* **What the exercise asks**
Restate word for word the entries below, starting at the line with "Marc by Marc" and ending at the line with "120 42nd Avenue". Keep both end lines and omit the pictures.

* **Supplied information**

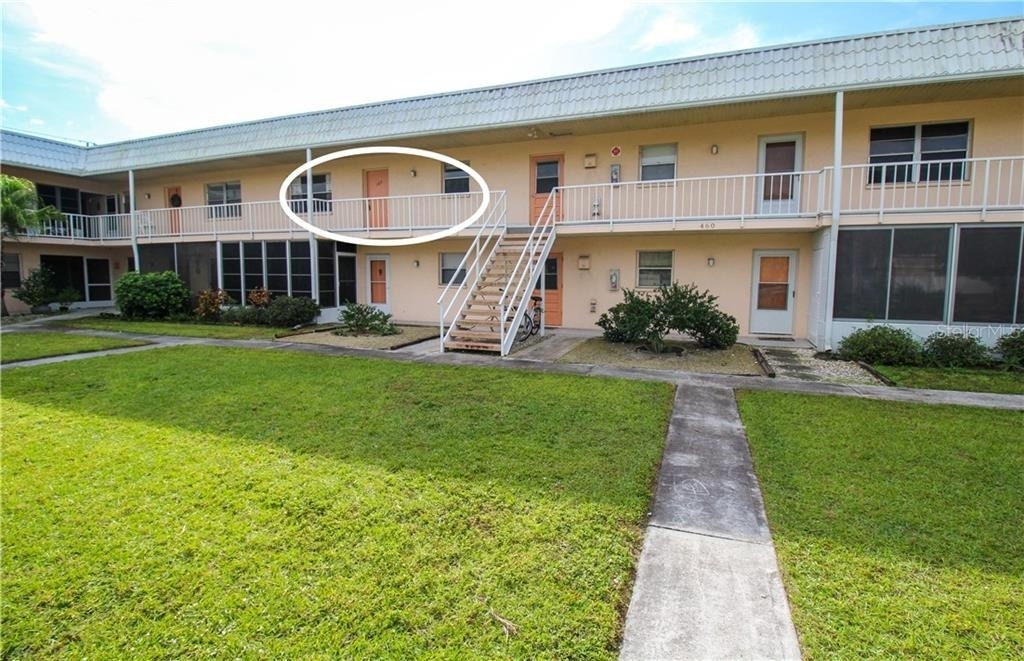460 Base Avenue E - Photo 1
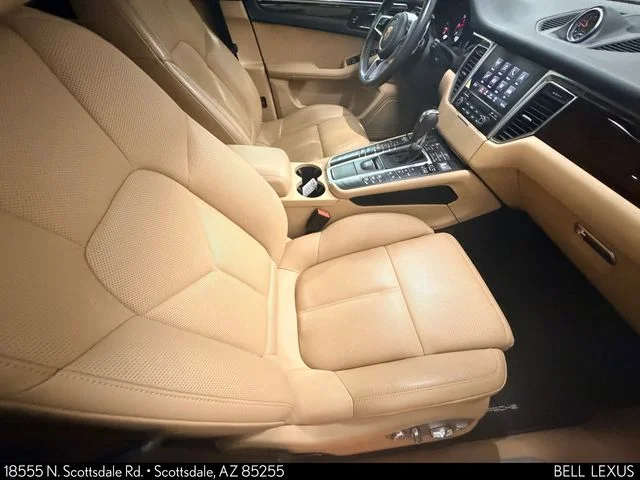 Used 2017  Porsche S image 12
--
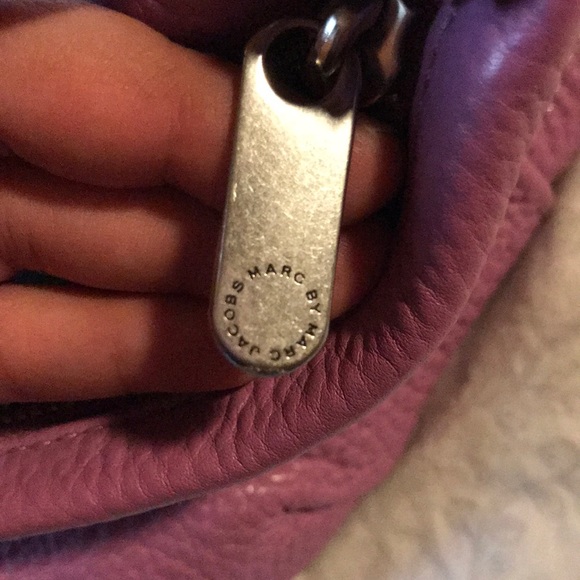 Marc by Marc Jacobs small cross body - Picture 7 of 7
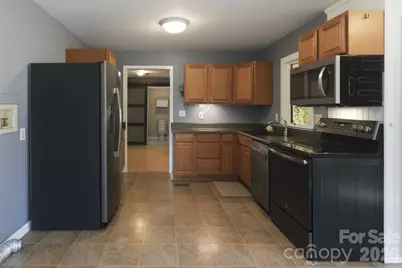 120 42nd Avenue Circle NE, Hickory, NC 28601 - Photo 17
...
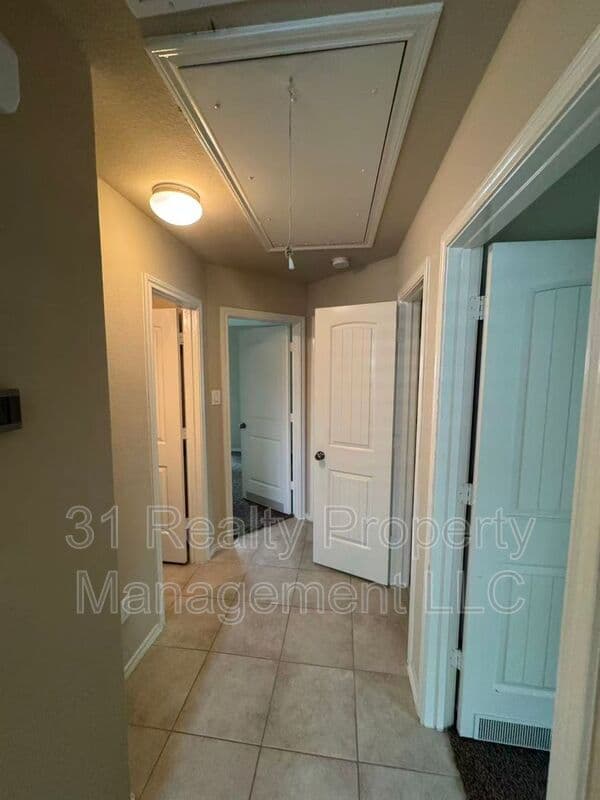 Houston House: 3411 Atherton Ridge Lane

* **Answer to the problem**
 Marc by Marc Jacobs small cross body - Picture 7 of 7
 120 42nd Avenue Circle NE, Hickory, NC 28601 - Photo 17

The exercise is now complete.